The Western Native Trout Initiative (WNTI) is awarding more than $200,000 in grant funding for eight projects that benefit native trout species across the western United States. The community-based projects are funded through the National Fish Habitat Action Plan and the U.S. Fish and Wildlife Service. The projects were selected because of their emphasis on collaborative action to address some of the biggest challenges facing the restoration and recovery of western native trout.
“The main objective of the Western Native Trout Initiative is to leverage and catalyze strategic, local efforts that stabilize, recover and improve populations of western native trout,” said WNTI Coordinator Therese Thompson. “In addition to the grant funding we’re providing through the National Fish Habitat Partnership, local partners have secured additional matching funds totaling $2.186 million dollars for these projects.”
The following native trout habitat projects in New Mexico and Colorado have been approved for funding by WNTI for 2019:
NEW MEXICO: Santa Clara Creek – Headwaters Restoration
The project objective is to maximize ecosystem potential for sustaining a prime, cold-water native trout fishery that is resilient to variable flow rates from drought and flood events.
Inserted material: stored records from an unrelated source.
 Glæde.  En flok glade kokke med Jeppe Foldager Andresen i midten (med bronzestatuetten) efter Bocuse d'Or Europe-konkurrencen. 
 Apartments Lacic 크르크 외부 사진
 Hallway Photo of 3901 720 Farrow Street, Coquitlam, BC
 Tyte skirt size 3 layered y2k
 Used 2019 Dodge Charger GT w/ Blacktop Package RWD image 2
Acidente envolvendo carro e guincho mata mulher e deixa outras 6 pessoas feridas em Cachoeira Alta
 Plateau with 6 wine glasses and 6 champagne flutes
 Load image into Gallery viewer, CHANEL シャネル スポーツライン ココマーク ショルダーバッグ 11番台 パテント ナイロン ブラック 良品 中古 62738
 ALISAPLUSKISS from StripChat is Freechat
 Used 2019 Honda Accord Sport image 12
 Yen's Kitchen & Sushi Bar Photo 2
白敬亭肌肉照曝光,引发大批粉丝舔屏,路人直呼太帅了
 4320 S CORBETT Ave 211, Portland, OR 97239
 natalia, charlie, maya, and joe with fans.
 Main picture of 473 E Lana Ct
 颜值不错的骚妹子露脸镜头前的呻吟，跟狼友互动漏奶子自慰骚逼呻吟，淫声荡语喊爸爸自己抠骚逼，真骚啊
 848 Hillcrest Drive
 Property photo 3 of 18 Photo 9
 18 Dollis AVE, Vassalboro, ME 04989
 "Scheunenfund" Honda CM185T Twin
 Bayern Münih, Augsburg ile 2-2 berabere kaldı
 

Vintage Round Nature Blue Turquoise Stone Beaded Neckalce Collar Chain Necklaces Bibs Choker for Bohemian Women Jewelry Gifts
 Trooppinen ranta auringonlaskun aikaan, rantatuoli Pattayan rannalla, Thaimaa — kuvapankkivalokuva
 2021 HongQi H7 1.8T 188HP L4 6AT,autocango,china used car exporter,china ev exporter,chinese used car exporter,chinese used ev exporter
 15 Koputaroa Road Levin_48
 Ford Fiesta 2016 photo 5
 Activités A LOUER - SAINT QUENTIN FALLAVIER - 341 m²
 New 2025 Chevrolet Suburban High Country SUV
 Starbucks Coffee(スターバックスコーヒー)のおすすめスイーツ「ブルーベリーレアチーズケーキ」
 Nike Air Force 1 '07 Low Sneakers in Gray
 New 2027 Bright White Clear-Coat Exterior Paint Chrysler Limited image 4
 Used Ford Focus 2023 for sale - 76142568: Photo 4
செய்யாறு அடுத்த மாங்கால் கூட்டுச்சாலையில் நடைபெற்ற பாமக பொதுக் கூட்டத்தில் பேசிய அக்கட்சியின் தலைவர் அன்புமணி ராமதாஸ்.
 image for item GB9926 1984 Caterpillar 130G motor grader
This project restores habitat to benefit Rio Grande Cutthroat Trout on the Santa Clara Pueblo tribal lands, impacted by the catastrophic Las Conchas wildfire in 2011. The lead partner is the Santa Clara Pueblo Department of Forestry.
This project will reclaim high quality stream and lake habitat to provide a resilient watershed for the reintroduction of native Rio Grande Cutthroat Trout within its historic range within Great Sand Dunes National Park. Completion of the project will add 12 miles and two lakes of habitat for Rio Grande Cutthroat Trout. The lead partner is the National Park Service.
WNTI is an initiative of the Western Association of Fish and Wildlife Agencies that seeks to cooperatively restore and recover 21 western native trout and char species across their historic range. Since its inception in 2006, WNTI has directed $35 million in federal, public and private funds to support 147 priority native trout conservation projects. WNTI and partners have removed 96 barriers to fish passage, reconnected or improved 1,199 miles of native trout habitat and put in place 35 protective fish barriers to conserve important native trout populations.